# First Energy offer to lock in rates??? good?



## boatnut (Nov 22, 2006)

Got something in the mail from First Energy (my electric supplier) touting a plan to sign up and lock in a rate of $6.99/kw for next 7 years. Hard for me to get a handle on where electric power rates may go in the future but my gut feeling says they probably won't get cheaper? Any thoughts on this? Anyone else done it?


----------



## KaGee (Sep 8, 2006)

I don't know either. Who's done the math?


----------



## boatnut (Nov 22, 2006)

I know with de-regulation of the utility industry, that there are a lot of "re-sellers" out there. I suppose one should take the time to consider their rates also? It's all so confusing to me, LOL


----------



## ohiojmj (Apr 16, 2004)

The 7 yr fixed rate looked much higher than the 1 or 2 yr fixed offers I've recieved. I'm not so sure I'm going to lock in a higher rate for the short term in hopes that it will look good in later years. However, it's no big deal for me since the cost of generation is 1/2 the bill and my house has all gas appliances, furnace, etc.


----------



## crappiedude (Mar 12, 2006)

A few months back,(it mayhave been a year or so) they came door to door with an offer to lock in rates for 1 year. I listened to the pitch and it all looked and sounded good compared to my last Duke Energy bill I had so I signed up. Later that night I looked into the rates a little deeper by checking the past 12 months of rates and found that maybe it wasn't such a good deal. 
Like all contracts in Ohio the buyer has 72 hours to back out with no penalty so I called 1st Enery and canceled the service. When I did so, they immedialey offered lowered rates. I declined and again the tried to sweeten the pot. I forget the second offer but it may have been to hold the lower rates even longer than the 1 year. 
Over all I don't think the rates were awful bad but they weren't wonderful good either.

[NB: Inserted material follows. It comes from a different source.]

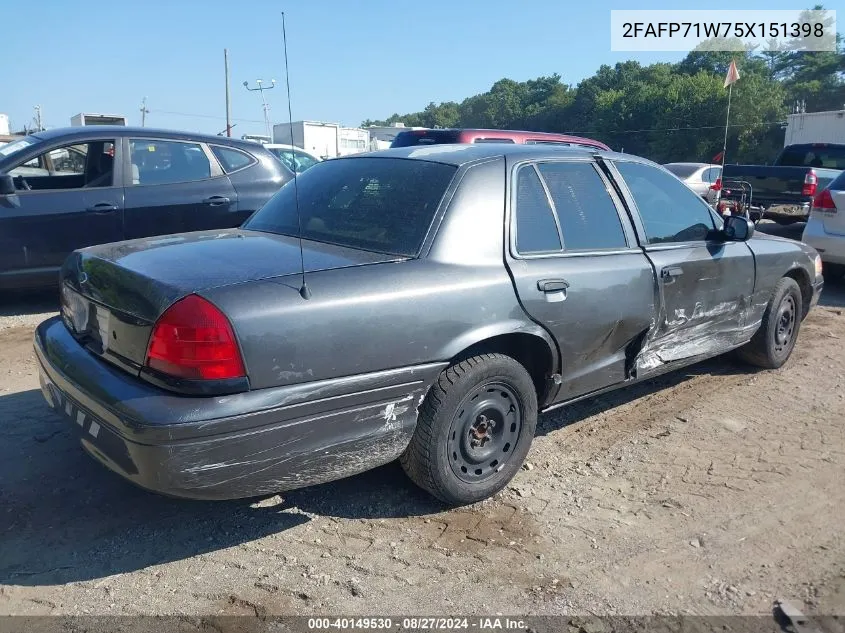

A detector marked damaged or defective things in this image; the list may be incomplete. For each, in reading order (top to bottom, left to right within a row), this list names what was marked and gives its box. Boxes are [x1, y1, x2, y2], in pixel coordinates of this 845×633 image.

damaged rear door [504, 156, 656, 400]
damaged rear door [608, 159, 756, 376]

My rates are locked in with Duke Energy Retail so maybe my savings would have been better had I not currently been locked in with an alternate supplier. 

I do think having (or at least looking at) an alternate energy supplier is a good idea vs counting on the utility supplier offfering the best deal. I probably wouldn't like a 7 year commitment.
It is hard to figure out the numbers because temps vary from year to year so there is no hard line to compare one year to the next. However since signing up with Duke Energy Retail my monthly (even billing) payment dropped from $279 mo (2010) to $259 mo (2011) to $207 mo (2012) and I am currently running a balance and expect another drop again next year. 
Since natural gas has dropped in cost over the last few years its hard to figure out what exacly caused such a drastic drop in the monthly bills.
I would look at all your options.

I do believe my neighbor is signed up with 1st Energy and he said he is saving about $20 month.


----------



## Agitation Free (Jul 11, 2010)

Will never do it again. Got burned by IGS.


----------



## KaGee (Sep 8, 2006)

^ IGS is a scam company. Google them.


----------



## Snakecharmer (Apr 9, 2008)

According to the Cleveland P.D., first energy in laying off 200 workers dure to lack of demand for electricity. Sounds like they have more than they can sell? Maybe the forcing of people to Fluor bulbs is working.


----------



## Big Chief201 (Aug 13, 2010)

I'm an energy structurer for a large utility in Ohio and I calculate these prices. Basically what is going on is a large battle for load between utilities. Keep in mind if you are being supplied power over company "x" lines and buy your generation from company "y" eventually you could get dinged with differential costs depending on how these rate cases play out. Be careful and make sure you read through the fine print. I know FE had a huge cancelation penalty with their 7yr deals. 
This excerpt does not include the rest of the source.